— DESCRIPTION OF THE TASK —
I need the lines below from the one with "Prodej rodinného domu" down to the one with "Hotel Vila Regina Campos do Jordão" reproduced exactly, both ends included, and nothing else.

[[ RECORDS PROVIDED, beginning ]]

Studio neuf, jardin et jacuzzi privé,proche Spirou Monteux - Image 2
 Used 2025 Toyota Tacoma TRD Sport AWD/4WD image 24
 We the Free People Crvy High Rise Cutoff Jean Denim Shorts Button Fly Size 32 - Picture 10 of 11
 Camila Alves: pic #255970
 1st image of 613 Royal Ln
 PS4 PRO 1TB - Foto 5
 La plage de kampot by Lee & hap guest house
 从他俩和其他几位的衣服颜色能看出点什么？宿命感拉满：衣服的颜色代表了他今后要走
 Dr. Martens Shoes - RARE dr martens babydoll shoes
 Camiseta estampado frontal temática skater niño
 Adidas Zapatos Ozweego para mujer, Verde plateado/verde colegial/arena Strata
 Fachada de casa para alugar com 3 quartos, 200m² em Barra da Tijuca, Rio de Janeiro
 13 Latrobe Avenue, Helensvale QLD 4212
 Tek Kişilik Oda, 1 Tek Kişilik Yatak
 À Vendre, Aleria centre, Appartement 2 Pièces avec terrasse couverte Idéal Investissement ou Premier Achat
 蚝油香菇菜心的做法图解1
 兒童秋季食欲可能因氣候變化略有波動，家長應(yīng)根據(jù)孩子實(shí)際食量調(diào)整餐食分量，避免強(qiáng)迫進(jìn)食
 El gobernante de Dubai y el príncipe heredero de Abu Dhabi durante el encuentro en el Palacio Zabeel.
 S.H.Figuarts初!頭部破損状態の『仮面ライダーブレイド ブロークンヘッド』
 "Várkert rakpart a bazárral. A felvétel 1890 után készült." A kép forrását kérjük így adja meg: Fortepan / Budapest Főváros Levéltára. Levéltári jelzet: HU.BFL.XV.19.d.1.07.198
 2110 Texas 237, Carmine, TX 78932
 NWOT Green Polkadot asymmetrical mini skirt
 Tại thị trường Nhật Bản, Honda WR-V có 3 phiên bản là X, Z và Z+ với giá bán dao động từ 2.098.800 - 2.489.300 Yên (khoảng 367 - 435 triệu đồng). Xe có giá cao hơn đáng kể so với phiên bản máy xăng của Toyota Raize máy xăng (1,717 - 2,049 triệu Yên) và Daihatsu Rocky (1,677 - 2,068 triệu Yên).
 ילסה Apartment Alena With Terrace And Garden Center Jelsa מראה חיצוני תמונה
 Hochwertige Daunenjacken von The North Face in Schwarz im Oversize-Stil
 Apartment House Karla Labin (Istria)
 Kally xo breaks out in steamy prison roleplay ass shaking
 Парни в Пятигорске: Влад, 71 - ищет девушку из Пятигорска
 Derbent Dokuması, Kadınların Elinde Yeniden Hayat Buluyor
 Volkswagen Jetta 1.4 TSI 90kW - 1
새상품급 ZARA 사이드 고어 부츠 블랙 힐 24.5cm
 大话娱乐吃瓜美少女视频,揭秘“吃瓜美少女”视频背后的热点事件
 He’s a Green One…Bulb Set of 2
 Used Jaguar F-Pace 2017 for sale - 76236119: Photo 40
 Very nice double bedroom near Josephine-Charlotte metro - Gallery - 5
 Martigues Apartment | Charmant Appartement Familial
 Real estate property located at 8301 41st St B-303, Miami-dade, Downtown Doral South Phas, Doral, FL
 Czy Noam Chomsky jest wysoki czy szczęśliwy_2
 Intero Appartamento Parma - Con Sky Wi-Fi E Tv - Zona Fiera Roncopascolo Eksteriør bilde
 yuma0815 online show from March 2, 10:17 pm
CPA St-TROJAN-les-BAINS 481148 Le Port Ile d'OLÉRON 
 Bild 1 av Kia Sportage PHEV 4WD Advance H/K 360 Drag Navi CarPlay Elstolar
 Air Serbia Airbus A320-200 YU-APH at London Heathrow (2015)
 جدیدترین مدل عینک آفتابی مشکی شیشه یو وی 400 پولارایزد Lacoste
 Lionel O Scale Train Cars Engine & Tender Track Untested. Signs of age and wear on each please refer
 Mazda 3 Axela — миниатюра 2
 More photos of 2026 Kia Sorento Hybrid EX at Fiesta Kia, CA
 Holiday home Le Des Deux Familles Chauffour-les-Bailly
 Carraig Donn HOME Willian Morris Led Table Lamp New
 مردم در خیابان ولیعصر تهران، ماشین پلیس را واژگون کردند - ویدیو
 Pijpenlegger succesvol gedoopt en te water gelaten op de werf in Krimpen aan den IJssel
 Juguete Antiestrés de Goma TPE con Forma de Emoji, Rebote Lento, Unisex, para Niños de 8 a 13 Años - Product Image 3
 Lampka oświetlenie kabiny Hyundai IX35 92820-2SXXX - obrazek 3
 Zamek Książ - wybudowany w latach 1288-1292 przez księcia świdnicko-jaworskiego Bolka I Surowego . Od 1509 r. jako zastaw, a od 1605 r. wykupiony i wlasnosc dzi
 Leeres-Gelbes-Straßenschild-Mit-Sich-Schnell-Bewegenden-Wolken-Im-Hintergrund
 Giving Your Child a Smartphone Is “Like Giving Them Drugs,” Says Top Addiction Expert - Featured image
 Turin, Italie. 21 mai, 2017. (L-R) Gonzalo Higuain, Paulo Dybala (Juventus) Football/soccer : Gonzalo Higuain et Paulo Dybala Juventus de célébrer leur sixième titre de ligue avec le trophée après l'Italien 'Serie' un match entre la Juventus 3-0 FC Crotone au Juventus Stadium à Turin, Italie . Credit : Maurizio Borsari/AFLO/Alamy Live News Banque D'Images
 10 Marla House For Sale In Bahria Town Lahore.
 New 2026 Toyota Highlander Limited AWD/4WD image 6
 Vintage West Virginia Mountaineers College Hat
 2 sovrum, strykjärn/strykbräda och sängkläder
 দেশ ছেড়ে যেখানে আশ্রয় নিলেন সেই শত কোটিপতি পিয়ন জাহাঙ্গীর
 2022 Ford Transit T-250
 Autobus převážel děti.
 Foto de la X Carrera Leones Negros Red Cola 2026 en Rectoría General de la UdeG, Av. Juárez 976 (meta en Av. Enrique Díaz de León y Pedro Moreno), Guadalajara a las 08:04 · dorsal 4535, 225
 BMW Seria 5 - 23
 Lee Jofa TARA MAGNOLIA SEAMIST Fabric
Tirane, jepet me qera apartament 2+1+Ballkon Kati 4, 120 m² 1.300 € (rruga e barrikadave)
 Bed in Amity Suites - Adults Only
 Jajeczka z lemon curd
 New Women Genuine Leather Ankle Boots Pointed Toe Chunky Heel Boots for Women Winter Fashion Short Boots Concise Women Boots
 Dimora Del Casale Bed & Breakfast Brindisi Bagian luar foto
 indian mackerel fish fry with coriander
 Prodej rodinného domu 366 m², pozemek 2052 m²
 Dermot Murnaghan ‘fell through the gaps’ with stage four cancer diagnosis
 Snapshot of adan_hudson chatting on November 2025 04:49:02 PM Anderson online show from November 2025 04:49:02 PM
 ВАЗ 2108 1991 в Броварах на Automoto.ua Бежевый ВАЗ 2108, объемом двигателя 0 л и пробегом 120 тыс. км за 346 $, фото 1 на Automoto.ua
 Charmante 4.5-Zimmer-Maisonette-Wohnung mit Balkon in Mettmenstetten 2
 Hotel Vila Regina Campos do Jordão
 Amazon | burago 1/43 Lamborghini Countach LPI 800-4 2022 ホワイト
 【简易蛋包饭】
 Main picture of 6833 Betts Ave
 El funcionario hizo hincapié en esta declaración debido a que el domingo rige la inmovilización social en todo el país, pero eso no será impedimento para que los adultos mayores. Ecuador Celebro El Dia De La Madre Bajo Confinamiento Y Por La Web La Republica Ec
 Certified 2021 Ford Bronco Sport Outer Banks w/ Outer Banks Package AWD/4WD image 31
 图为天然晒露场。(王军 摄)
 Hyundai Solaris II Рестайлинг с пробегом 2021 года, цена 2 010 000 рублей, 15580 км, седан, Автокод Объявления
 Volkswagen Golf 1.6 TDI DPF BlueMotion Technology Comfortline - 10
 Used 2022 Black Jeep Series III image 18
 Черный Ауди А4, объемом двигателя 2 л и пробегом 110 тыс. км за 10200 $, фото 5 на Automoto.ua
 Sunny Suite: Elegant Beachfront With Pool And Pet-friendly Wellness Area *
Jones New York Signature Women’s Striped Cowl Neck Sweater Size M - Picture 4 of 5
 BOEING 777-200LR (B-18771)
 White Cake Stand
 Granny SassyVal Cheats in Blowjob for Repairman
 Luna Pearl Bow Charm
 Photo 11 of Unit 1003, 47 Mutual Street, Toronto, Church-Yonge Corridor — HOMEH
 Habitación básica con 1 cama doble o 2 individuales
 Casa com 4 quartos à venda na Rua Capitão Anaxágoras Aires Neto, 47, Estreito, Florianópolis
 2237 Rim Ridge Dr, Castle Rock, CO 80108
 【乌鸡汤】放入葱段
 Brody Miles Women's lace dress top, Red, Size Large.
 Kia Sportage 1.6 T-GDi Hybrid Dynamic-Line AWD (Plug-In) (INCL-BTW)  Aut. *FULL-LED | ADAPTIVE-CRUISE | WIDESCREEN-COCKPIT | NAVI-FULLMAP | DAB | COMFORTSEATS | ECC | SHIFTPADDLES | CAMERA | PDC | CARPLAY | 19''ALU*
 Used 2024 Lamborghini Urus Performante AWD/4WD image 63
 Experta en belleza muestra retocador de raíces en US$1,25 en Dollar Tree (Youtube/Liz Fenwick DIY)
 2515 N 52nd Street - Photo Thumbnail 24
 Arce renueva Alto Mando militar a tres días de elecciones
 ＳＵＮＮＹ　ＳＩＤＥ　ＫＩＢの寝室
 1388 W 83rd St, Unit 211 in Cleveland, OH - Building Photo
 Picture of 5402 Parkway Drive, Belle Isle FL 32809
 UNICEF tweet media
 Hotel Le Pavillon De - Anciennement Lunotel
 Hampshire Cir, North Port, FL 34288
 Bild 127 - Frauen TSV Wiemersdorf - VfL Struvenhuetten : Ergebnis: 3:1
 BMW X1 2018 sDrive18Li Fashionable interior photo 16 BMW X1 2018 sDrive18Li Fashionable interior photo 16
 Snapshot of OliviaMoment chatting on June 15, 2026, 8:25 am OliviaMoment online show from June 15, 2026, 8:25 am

[[ RECORDS PROVIDED, end ]]

— EXPECTED ANSWER —
 Prodej rodinného domu 366 m², pozemek 2052 m²
 Dermot Murnaghan ‘fell through the gaps’ with stage four cancer diagnosis
 Snapshot of adan_hudson chatting on November 2025 04:49:02 PM Anderson online show from November 2025 04:49:02 PM
 ВАЗ 2108 1991 в Броварах на Automoto.ua Бежевый ВАЗ 2108, объемом двигателя 0 л и пробегом 120 тыс. км за 346 $, фото 1 на Automoto.ua
 Charmante 4.5-Zimmer-Maisonette-Wohnung mit Balkon in Mettmenstetten 2
 Hotel Vila Regina Campos do Jordão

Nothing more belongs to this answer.